What is being asked: This task calls for the lines below starting at the one containing "249 Citadel Point" and ending at the one containing "Hotel Folwark Zgierz Habitación foto", repeated exactly with both ends kept and pictures left out.

Provided data:

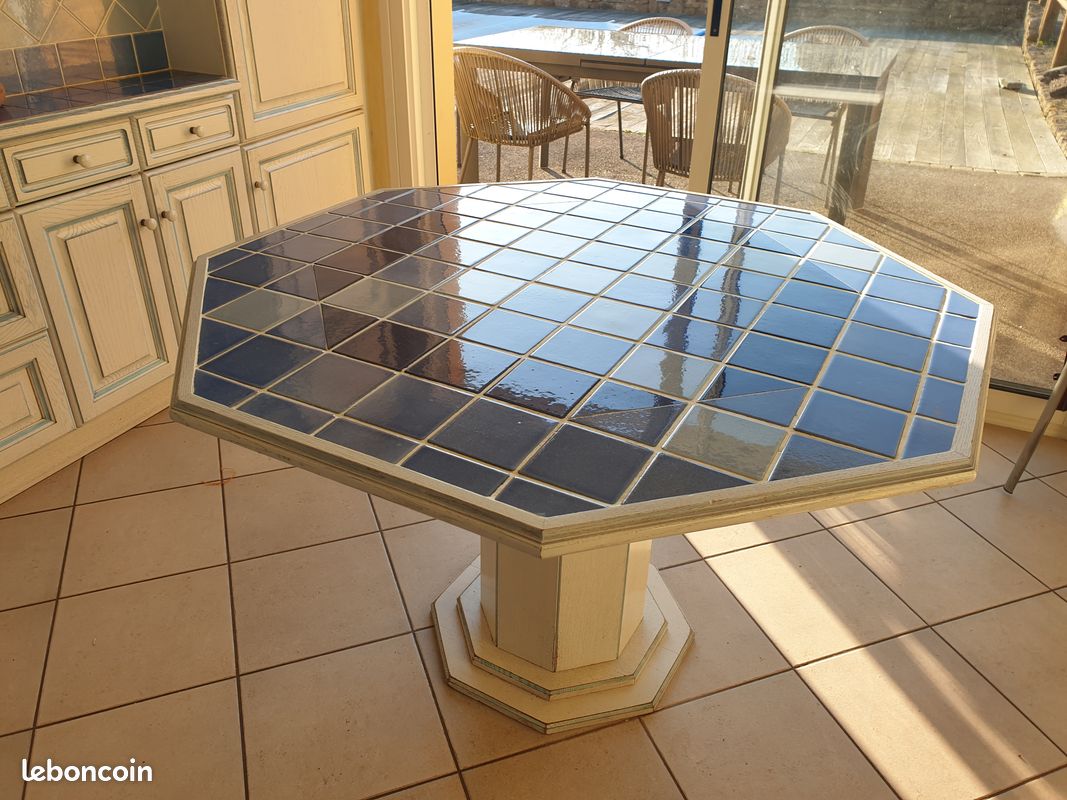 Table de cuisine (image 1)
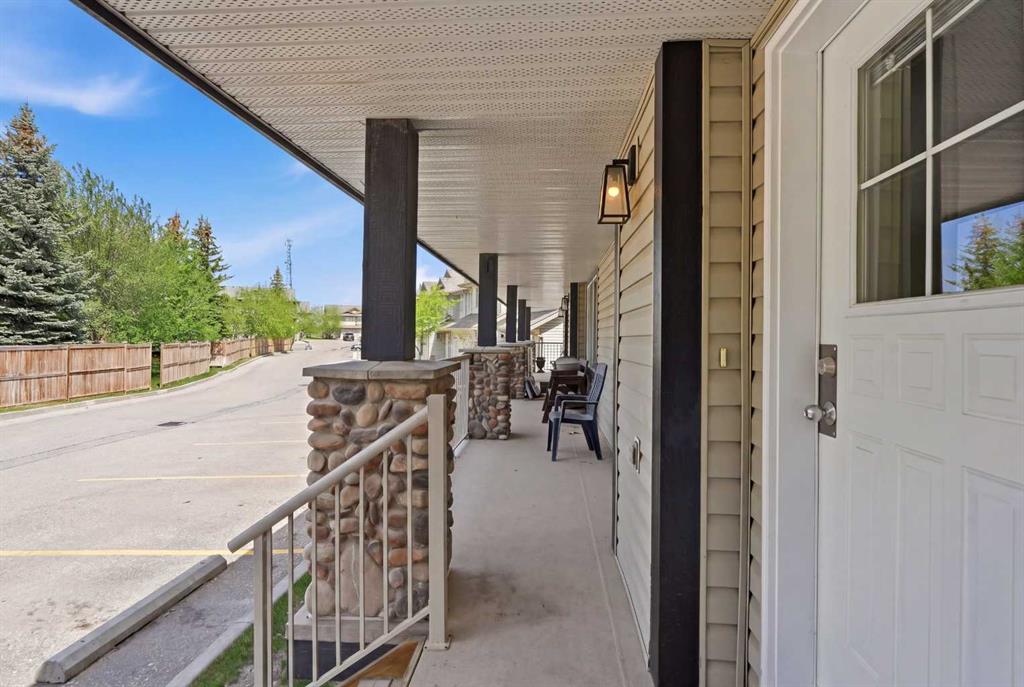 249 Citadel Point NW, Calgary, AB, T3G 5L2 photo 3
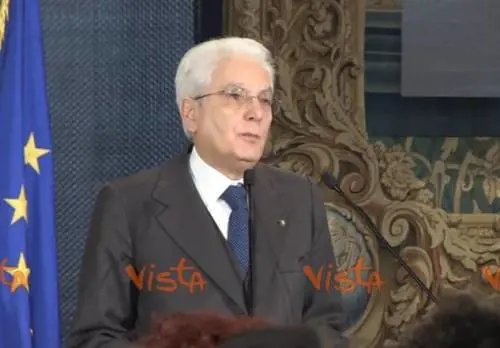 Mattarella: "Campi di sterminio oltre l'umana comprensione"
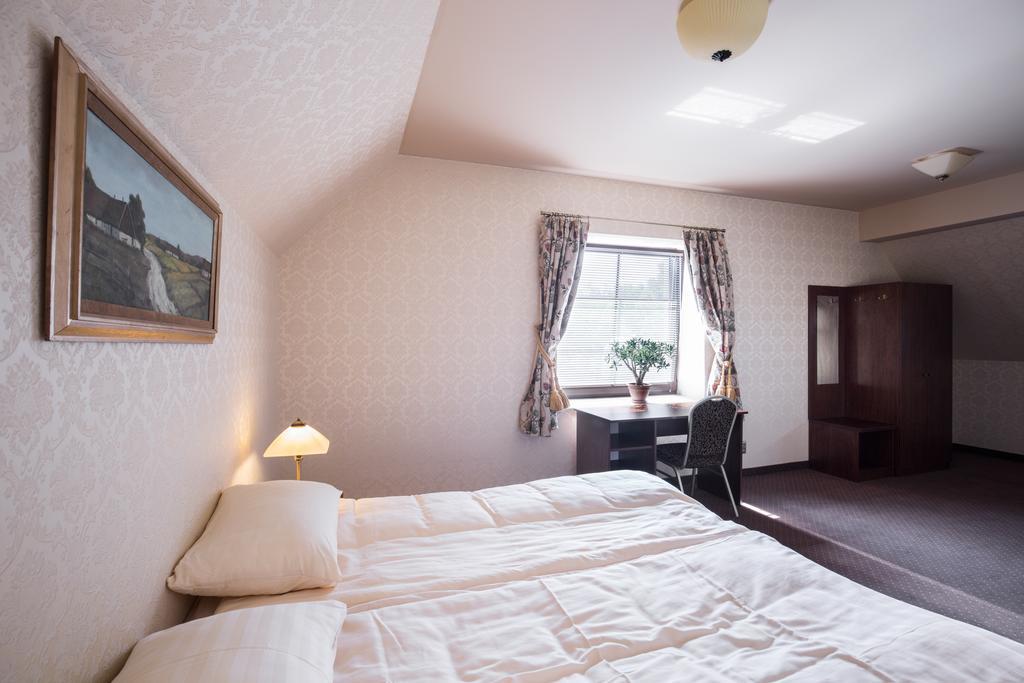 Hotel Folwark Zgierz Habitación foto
--
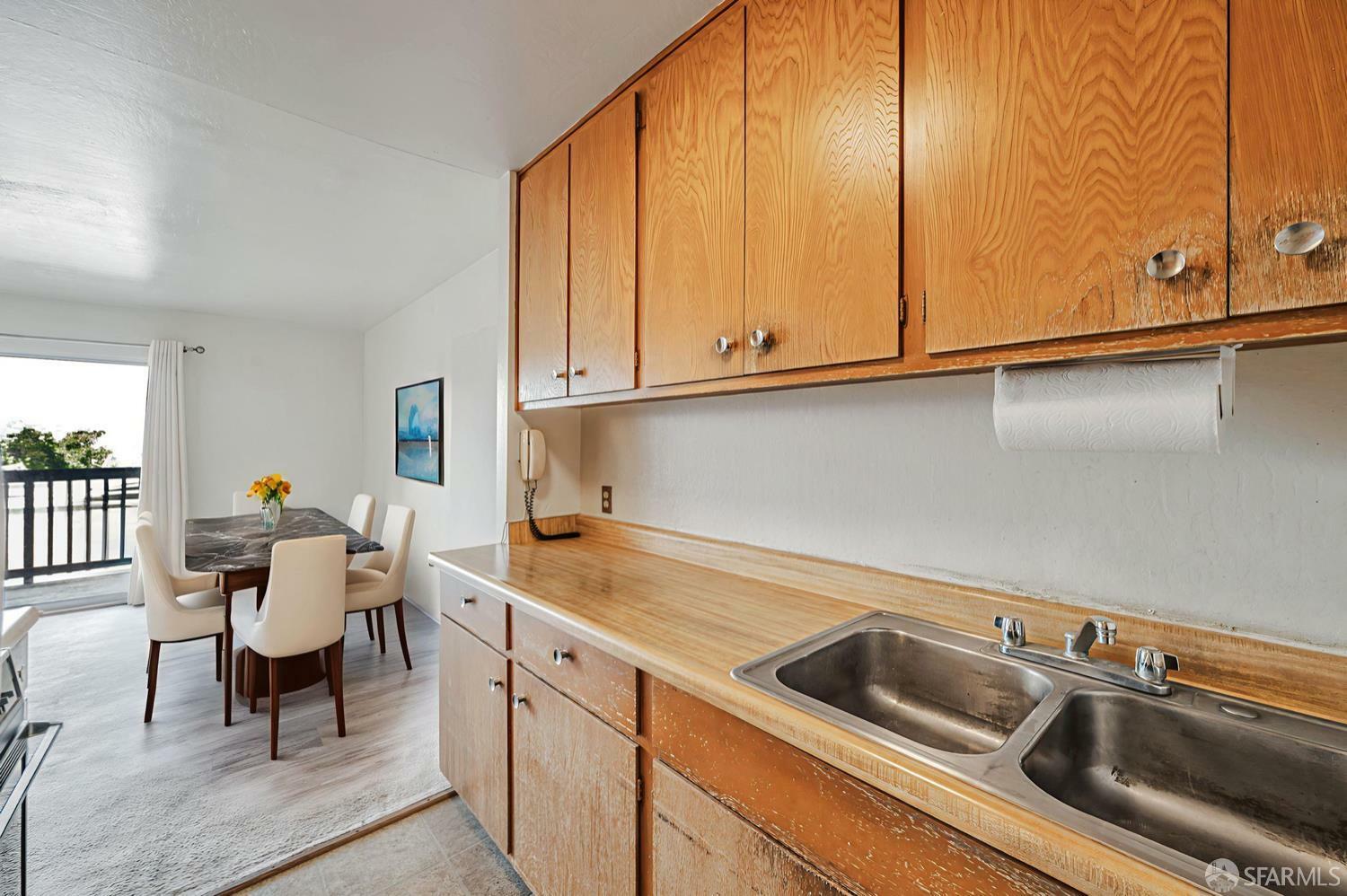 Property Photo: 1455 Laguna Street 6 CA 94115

Reply:
 249 Citadel Point NW, Calgary, AB, T3G 5L2 photo 3
 Mattarella: "Campi di sterminio oltre l'umana comprensione"
 Hotel Folwark Zgierz Habitación foto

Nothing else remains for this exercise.